If you’re not familiar with the history of the case, Moore v. Harper, a brief summary:

The Republican-dominated North Carolina legislature drew new voting a district map clearly gerrymandered to preserve their party’s lopsided representation in Congress.  The state’s majority-Democratic Supreme Court said, in effect, “You must be kidding,” and threw out the map, ordering it to be re-drawn.  But a subsequent election swung the court majority Republican, and the original decision was reversed.  The case worked its way up to the U.S. Supreme Court, and more than a few people, me included, fretted that the six Republicans would ignore centuries of precedent, as is their wont, and hand state legislatures unfettered authority to rig elections.  This was a particular concern as Republicans control 28 state legislatures, including Wisconsin, which might be make-or-break in the 2024 elections.  There had been some cause for hope after the Court’s June 8th decision in Allen v. Milligan, which upheld Section 2 of what’s left of the Voting Rights Act.  That section prohibits any voting law, practice or map that results in the denial of the right to vote of any citizen on account of race.  That decision could have implications for elections in 10 states.  Nonetheless, the issue remained.
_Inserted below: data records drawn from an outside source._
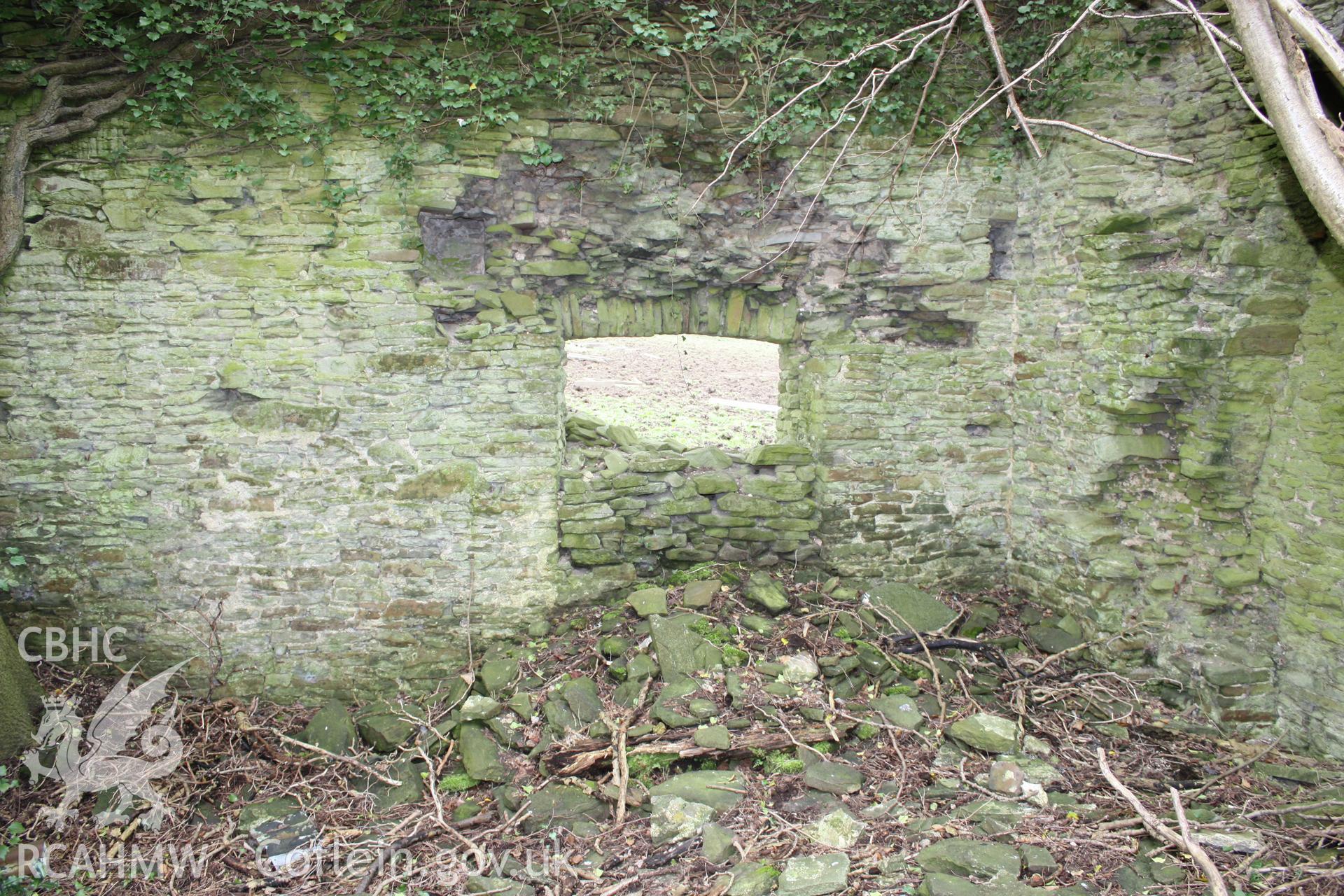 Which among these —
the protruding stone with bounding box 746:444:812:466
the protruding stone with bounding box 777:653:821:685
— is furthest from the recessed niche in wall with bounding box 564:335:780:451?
the protruding stone with bounding box 777:653:821:685

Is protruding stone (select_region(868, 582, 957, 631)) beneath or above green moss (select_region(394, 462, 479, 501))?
beneath

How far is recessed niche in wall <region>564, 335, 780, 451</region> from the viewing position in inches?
237

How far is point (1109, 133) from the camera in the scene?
4.24m

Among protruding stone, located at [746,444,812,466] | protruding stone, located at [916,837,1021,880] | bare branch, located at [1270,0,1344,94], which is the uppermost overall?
bare branch, located at [1270,0,1344,94]

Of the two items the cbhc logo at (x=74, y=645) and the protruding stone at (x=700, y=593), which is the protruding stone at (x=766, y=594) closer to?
the protruding stone at (x=700, y=593)

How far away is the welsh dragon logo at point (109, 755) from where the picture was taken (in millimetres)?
3625

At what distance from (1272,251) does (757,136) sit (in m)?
2.73

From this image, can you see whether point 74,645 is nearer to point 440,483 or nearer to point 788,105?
point 440,483

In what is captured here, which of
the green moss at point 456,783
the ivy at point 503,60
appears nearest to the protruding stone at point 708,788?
the green moss at point 456,783

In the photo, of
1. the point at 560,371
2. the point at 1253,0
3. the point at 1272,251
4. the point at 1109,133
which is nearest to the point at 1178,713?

So it was with great relief that I read Chief Justice Roberts’ decision, particularly the clear and unqualified line: “The Elections Clause does not insulate state legislatures from the ordinary exercise of state judicial review.”
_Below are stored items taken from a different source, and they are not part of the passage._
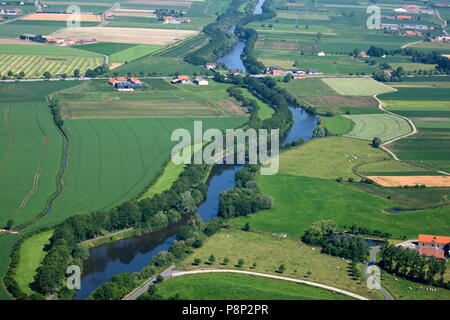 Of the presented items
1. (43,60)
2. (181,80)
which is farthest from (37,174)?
(43,60)

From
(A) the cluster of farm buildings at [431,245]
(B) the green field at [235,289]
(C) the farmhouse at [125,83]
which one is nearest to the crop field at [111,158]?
(B) the green field at [235,289]

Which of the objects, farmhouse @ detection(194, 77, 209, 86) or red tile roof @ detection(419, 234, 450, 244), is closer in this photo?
red tile roof @ detection(419, 234, 450, 244)

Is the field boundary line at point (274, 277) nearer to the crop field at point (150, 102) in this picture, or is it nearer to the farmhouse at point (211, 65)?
the crop field at point (150, 102)

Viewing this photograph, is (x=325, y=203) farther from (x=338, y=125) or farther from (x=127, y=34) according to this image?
(x=127, y=34)

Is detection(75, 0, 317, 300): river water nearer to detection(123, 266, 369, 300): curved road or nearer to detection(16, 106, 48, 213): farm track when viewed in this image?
detection(123, 266, 369, 300): curved road

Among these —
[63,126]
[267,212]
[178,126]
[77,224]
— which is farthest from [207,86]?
[77,224]

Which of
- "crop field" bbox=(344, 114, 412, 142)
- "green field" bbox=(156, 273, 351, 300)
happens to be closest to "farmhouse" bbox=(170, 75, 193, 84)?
"crop field" bbox=(344, 114, 412, 142)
A few days later, the Court rebuffed Ohio Republicans’ effort to overturn their own supreme court’s decision striking down a similarly gerrymandered map.  The Court sent the case back to the state supreme court for further proceedings in light of the Moore v. Harper decision.

The good folks Democracy Docket, founded by Marc Elias, the voting rights lawyer who has been spectacularly successful in beating back far-right attempts to suppress voting and even overturn the 2020 election, have a good summary of some of the action at the state level as well as an update on voter suppression efforts.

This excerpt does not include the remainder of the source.